After a tumultuous journey, Groupon Inc. is finally trading. Early reports from news agency Reuters say that shares in the group buying site rose 46% in “hectic early trading on Friday”.
This puts the shares at US$29.15 or 46% above the company’s US$20 IPO price a few minutes after opening on the Nasdaq, says Reuters. This gives the company an US$18-billion valuation.
According to the news agency:
“The company on Thursday sold 35-million shares for US$20 each, raising US$700 million. It had filed with the U.S. Securities and Exchange Commission to sell 30 million shares for US$16 to US$18 each.”
According to The Chicago Tribune the 35-million shares sold by the group buying darling, which consists just about six percent of the company’s stock, is smallest “float” of any IPO this year, according to researcher Dealogic PLC. “Such limited supply is expected to keep the stock price high, allowing early investors to flip their shares for quick profits, analysts and investors say,” says the Tribune.

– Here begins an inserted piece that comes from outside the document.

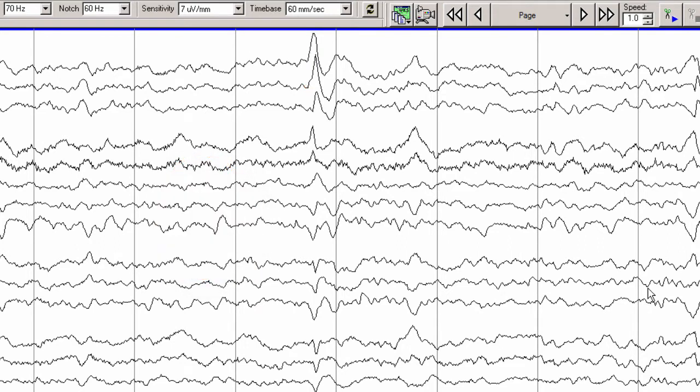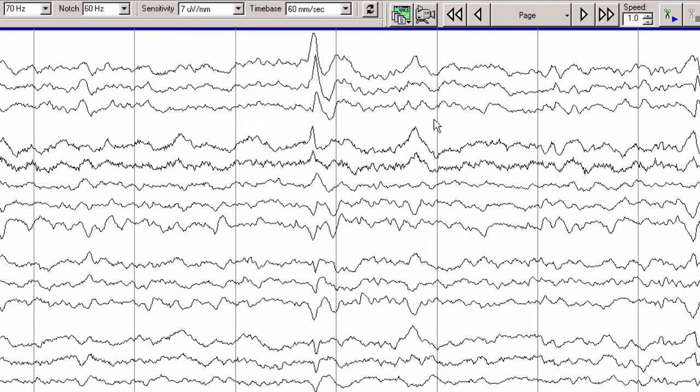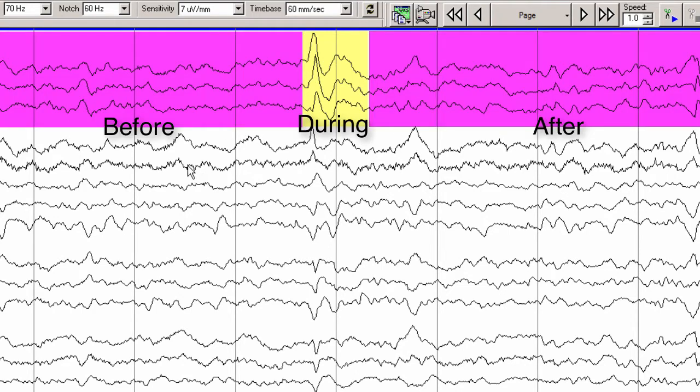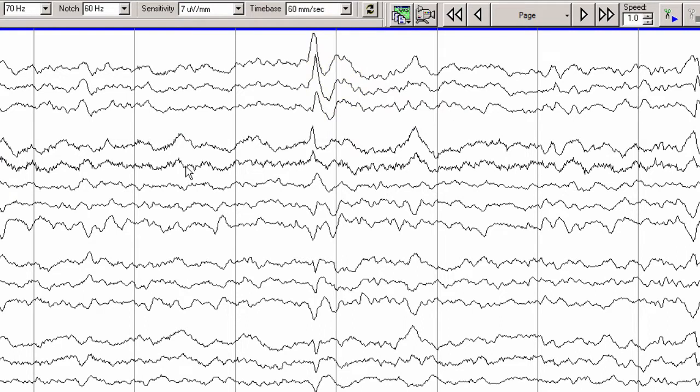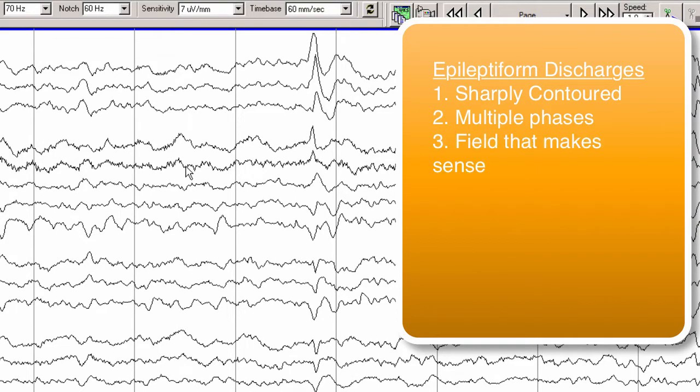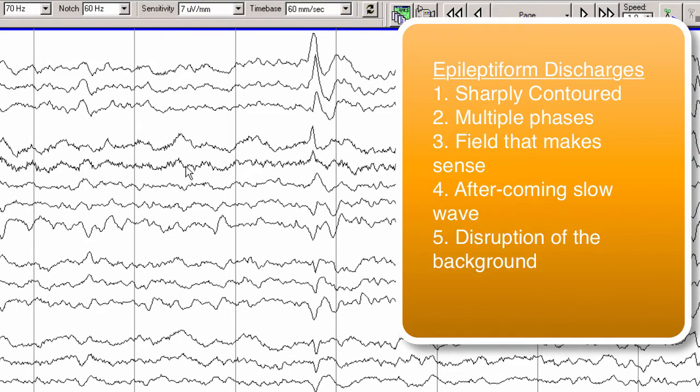You can also note that there is a disruption to the background. Here we see the sharp wave which has at least three phases, followed by a return to the baseline background. During the epileptiform discharge the background in the left temporal region is very different than the background that is seen before and after. This follows all of the rules of an epileptiform discharge in terms of being sharply contoured with multiple phases, with a field that makes sense, with an aftercoming slow wave, and with disruption of the background.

Groupon joins the ranks of other social media sites publicly trading on the New York Stock Exchange. LinkedIn Corp., which more than doubled from US$45 to US$109 on its first day of trading in May was one of the first to begin trading. China’s biggest social network, Renren, followed with a soaring start raising US$743.4-million through the sale of 53.1-million American Depositary Shares.
Groupon is present in 175 North American markets and 45 countries and has 142.9-million subscribers, it said. It sold 33-million “Groupons”, or discount coupons, in the third quarter of the year.
In a letter accompanying the filing, Groupon chief executive Andrew Mason (who rang the opening bell) said the company would continue to “aggressively invest in growth”.